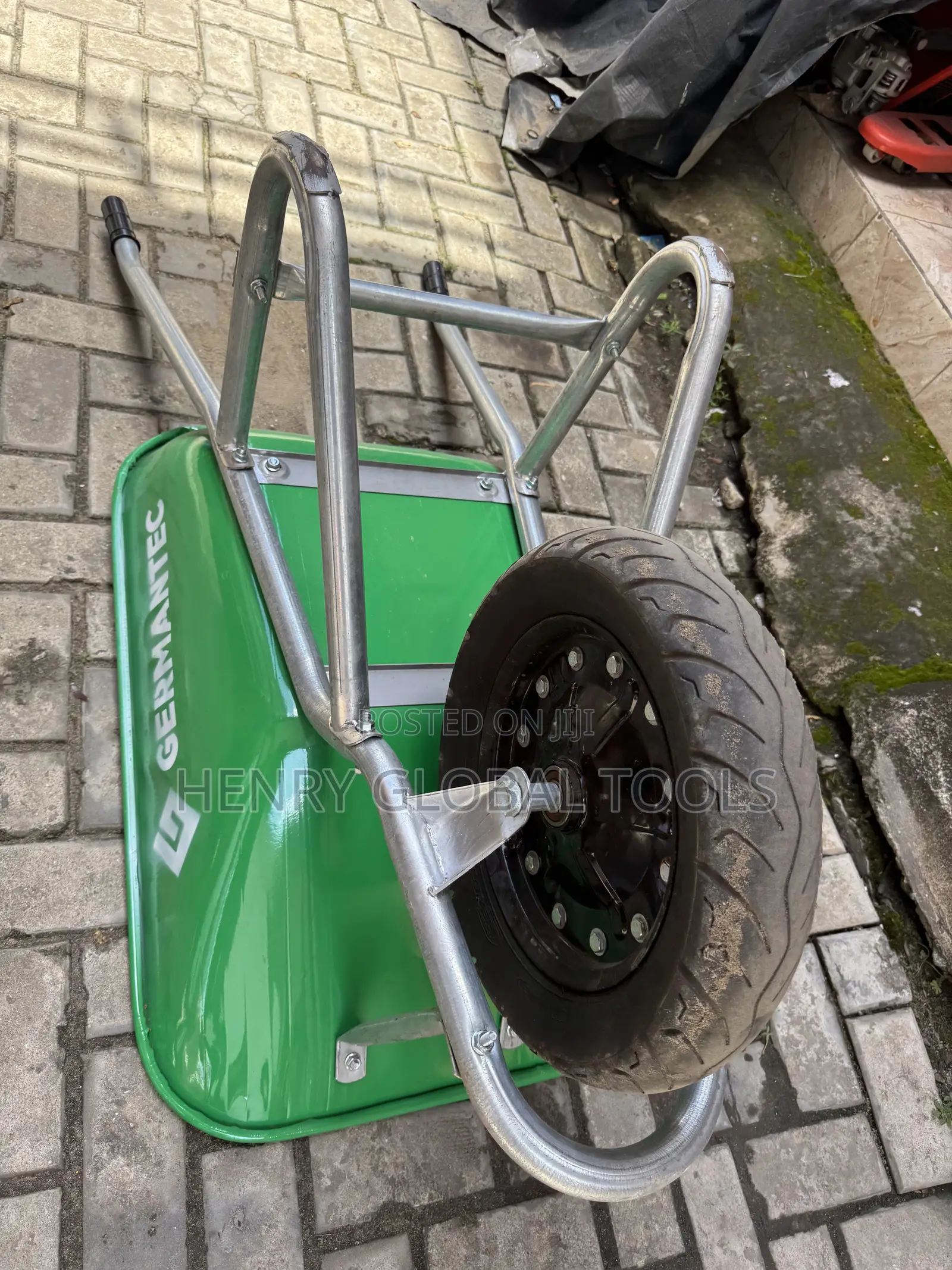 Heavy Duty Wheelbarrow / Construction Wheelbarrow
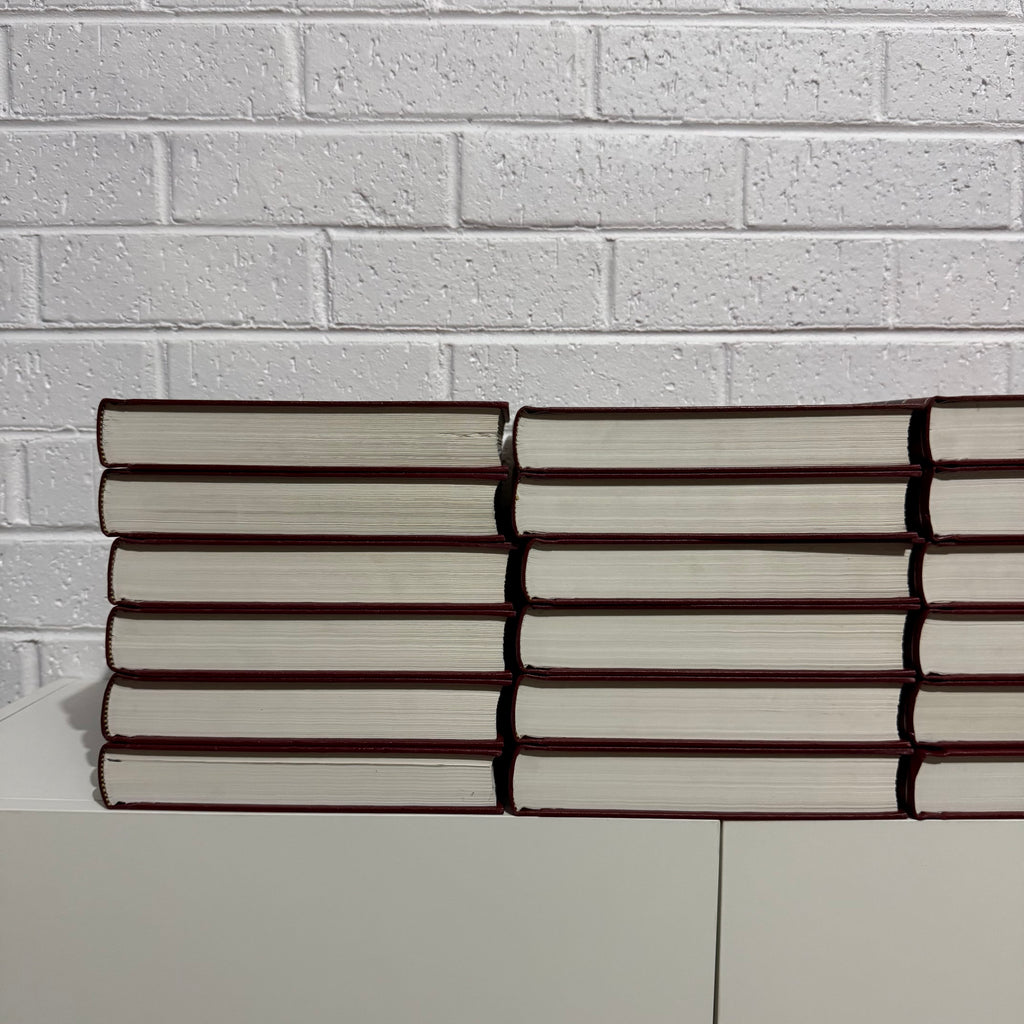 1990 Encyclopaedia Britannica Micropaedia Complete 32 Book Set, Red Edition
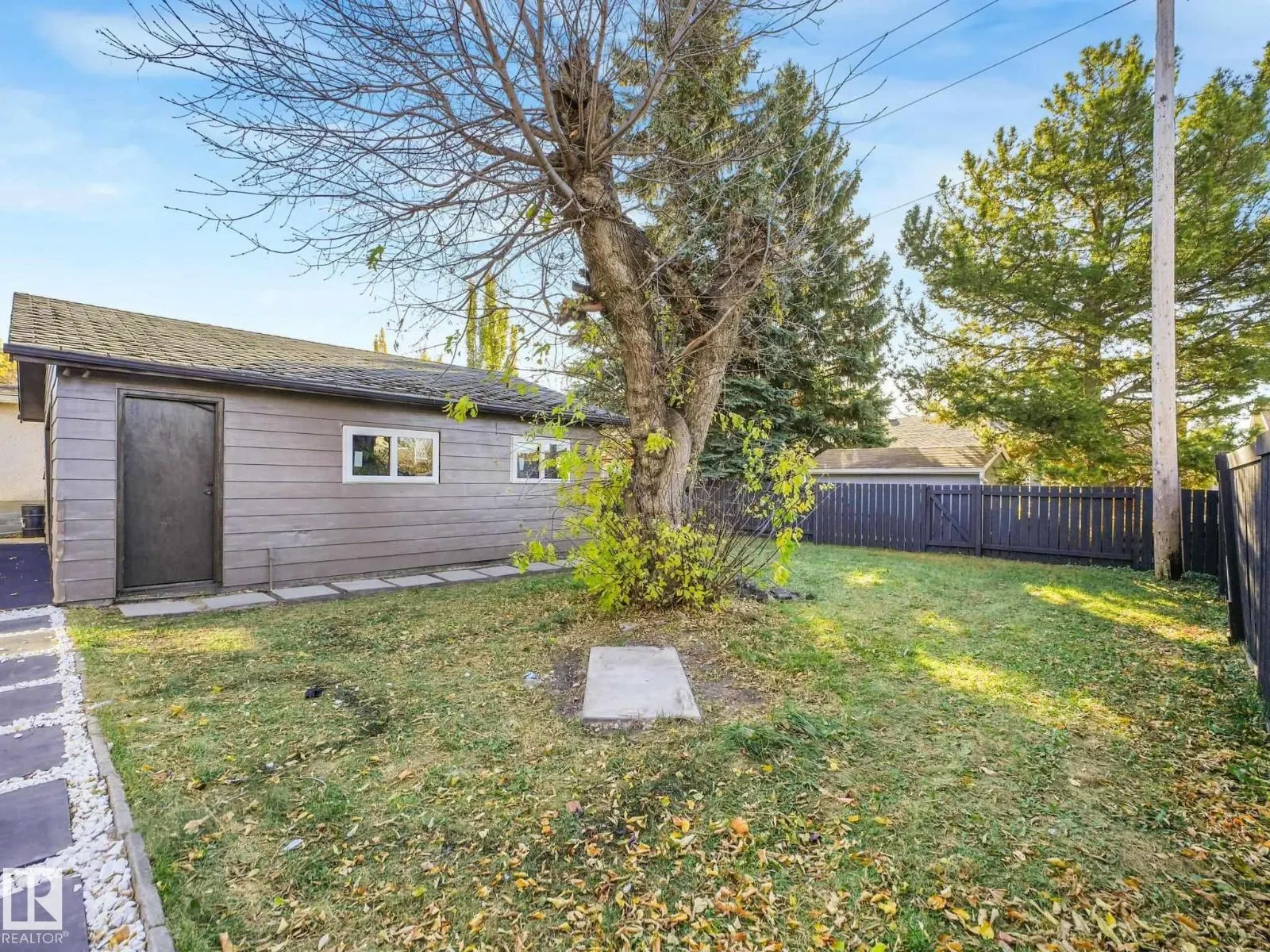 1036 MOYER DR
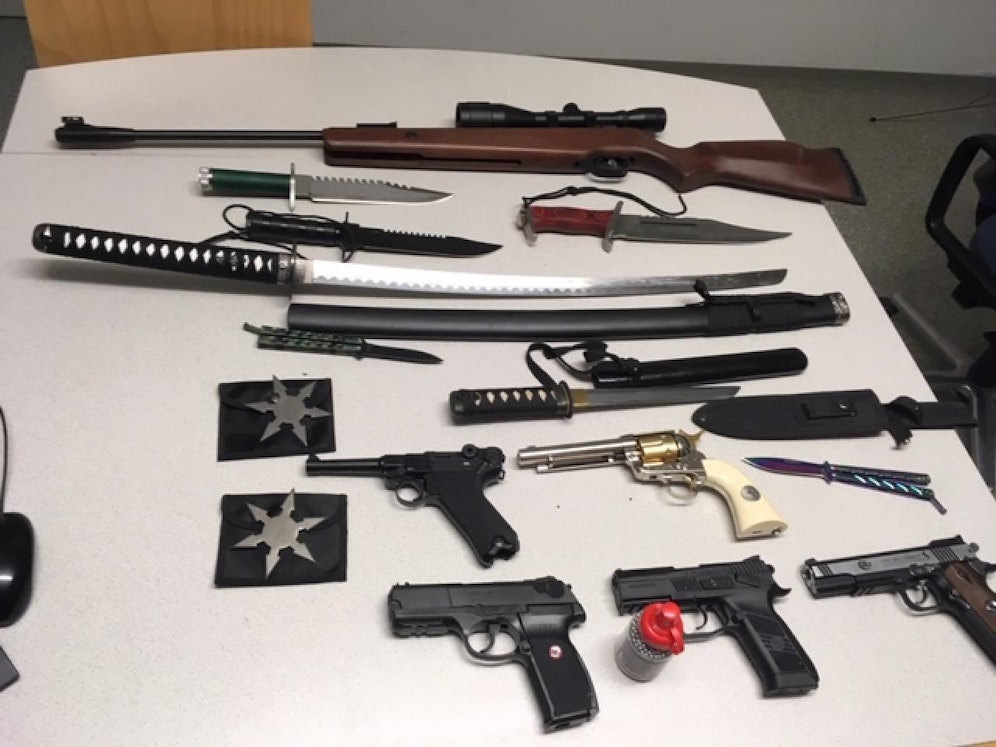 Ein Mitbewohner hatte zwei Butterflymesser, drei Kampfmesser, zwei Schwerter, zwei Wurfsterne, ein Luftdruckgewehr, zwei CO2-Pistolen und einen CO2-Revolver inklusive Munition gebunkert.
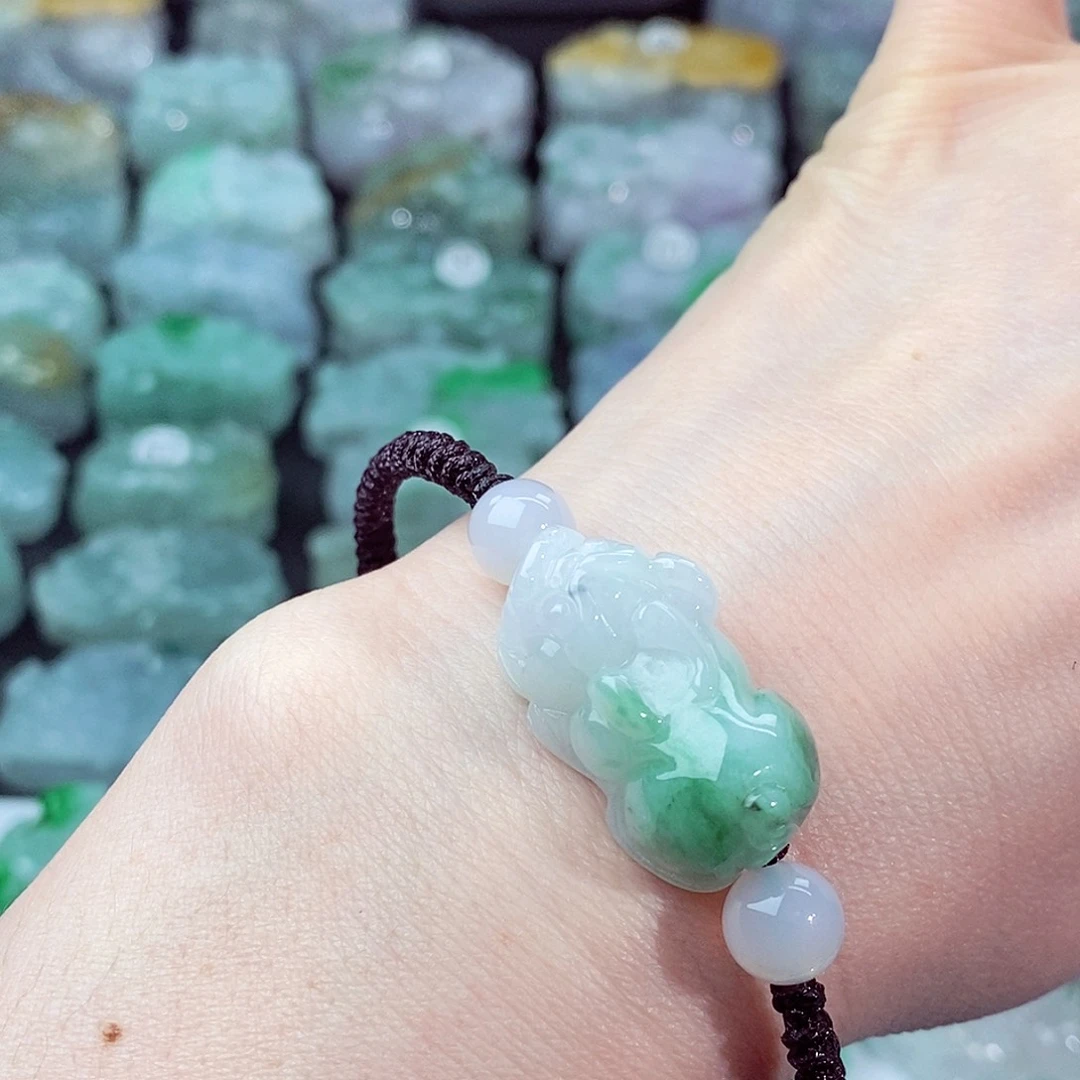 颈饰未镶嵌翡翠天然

--------------------

### Required action
Copy out the material above in full and exactly; its pictures are not to appear.

### Exercise output
 Heavy Duty Wheelbarrow / Construction Wheelbarrow
 1990 Encyclopaedia Britannica Micropaedia Complete 32 Book Set, Red Edition
 1036 MOYER DR
 Ein Mitbewohner hatte zwei Butterflymesser, drei Kampfmesser, zwei Schwerter, zwei Wurfsterne, ein Luftdruckgewehr, zwei CO2-Pistolen und einen CO2-Revolver inklusive Munition gebunkert.
 颈饰未镶嵌翡翠天然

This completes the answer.